START Information shown

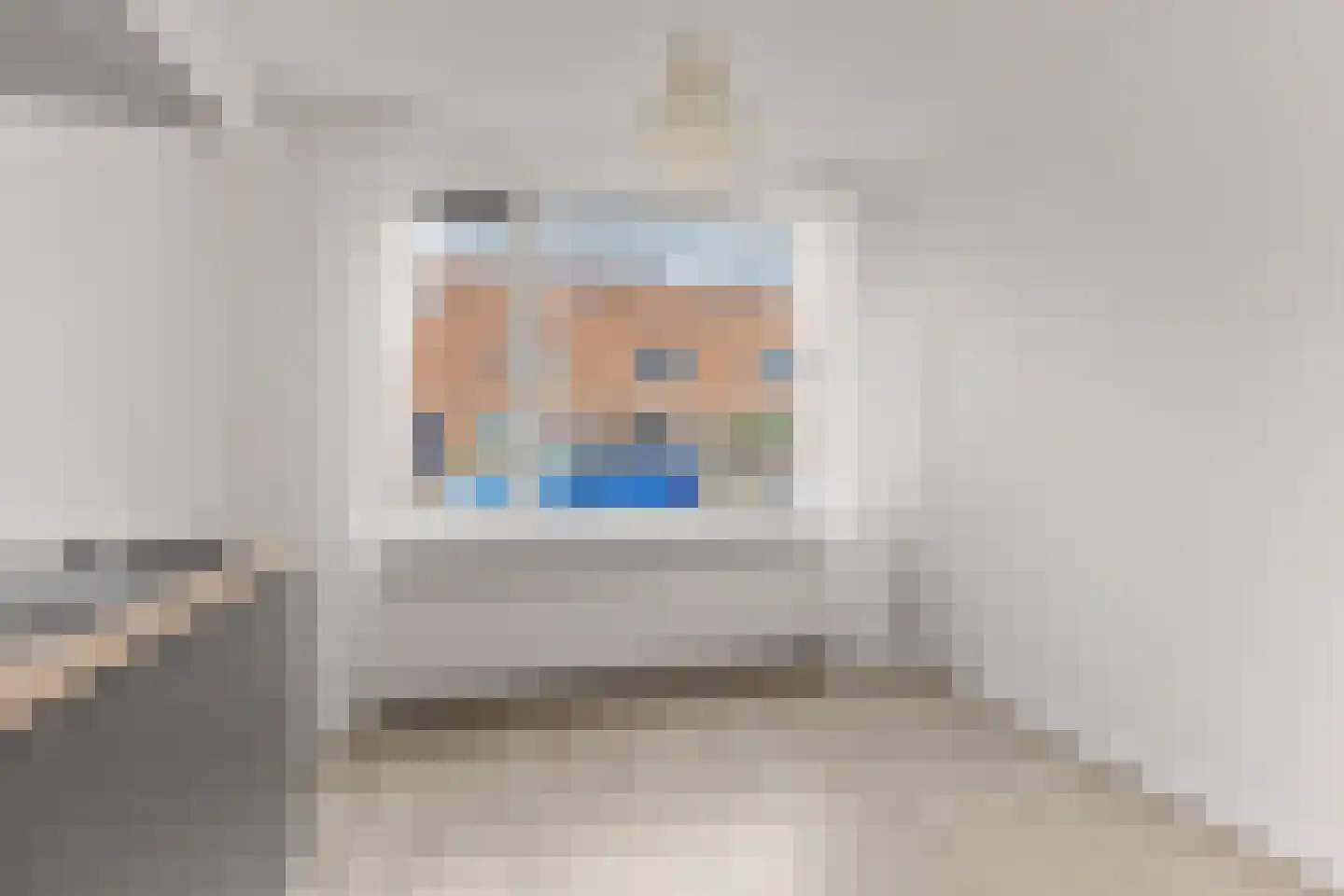 Kladdewortel 12 De Meern thumbnail 9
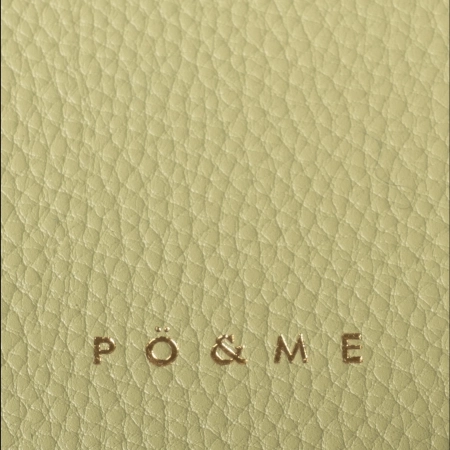 Boîte à Bijoux Carreau - Grainé - AX002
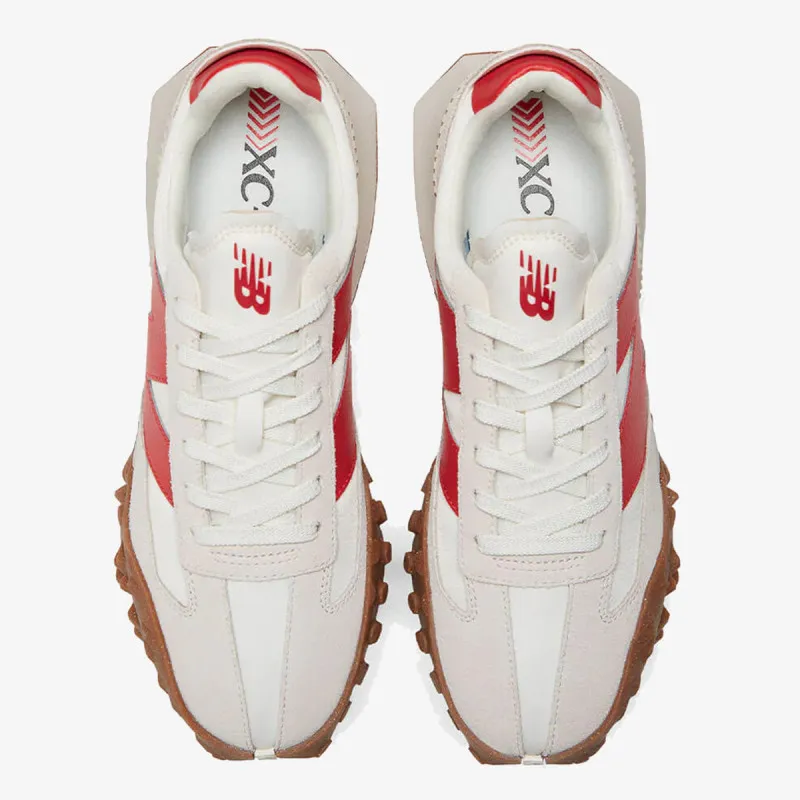 NEW BALANCE Patike XC72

END Information shown

▶ **Exercise objective**: Without the pictures, repeat the listing above exactly.

▶ **Solution for this task**:
 Kladdewortel 12 De Meern thumbnail 9
 Boîte à Bijoux Carreau - Grainé - AX002
 NEW BALANCE Patike XC72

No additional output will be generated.